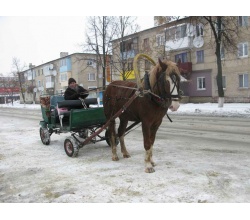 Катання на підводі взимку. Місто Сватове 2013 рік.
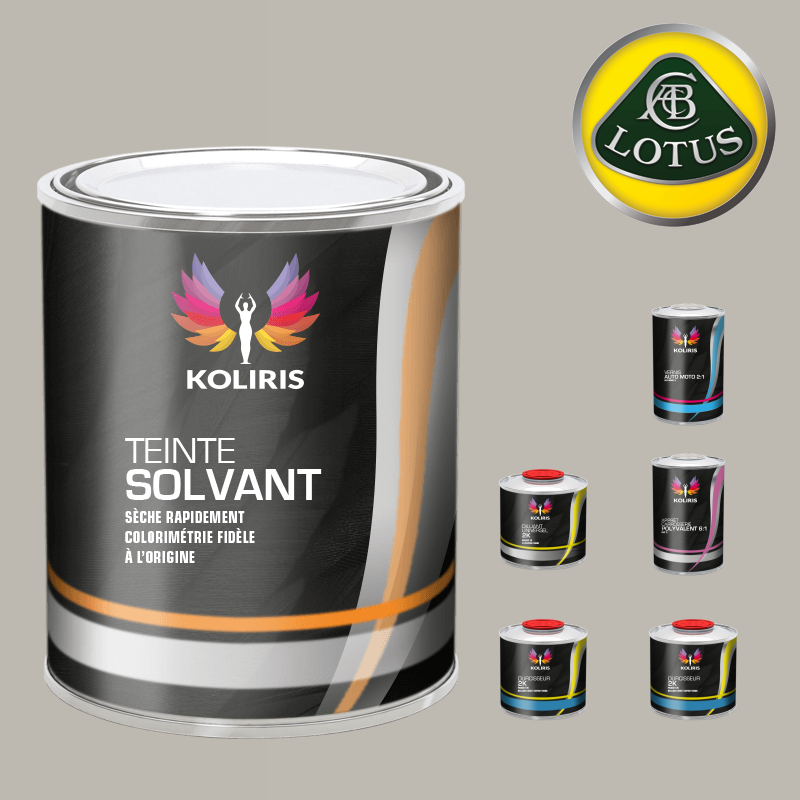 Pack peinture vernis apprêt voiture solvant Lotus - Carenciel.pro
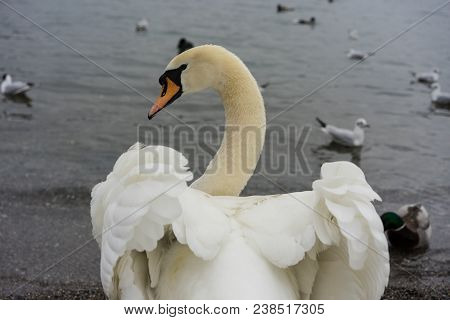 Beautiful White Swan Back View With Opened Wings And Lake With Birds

• YOUR OBJECTIVE:
Only the text of the listing above is wanted, transcribed exactly, without its images.

• OUTPUT OF THE EXERCISE:
 Катання на підводі взимку. Місто Сватове 2013 рік.
 Pack peinture vernis apprêt voiture solvant Lotus - Carenciel.pro
 Beautiful White Swan Back View With Opened Wings And Lake With Birds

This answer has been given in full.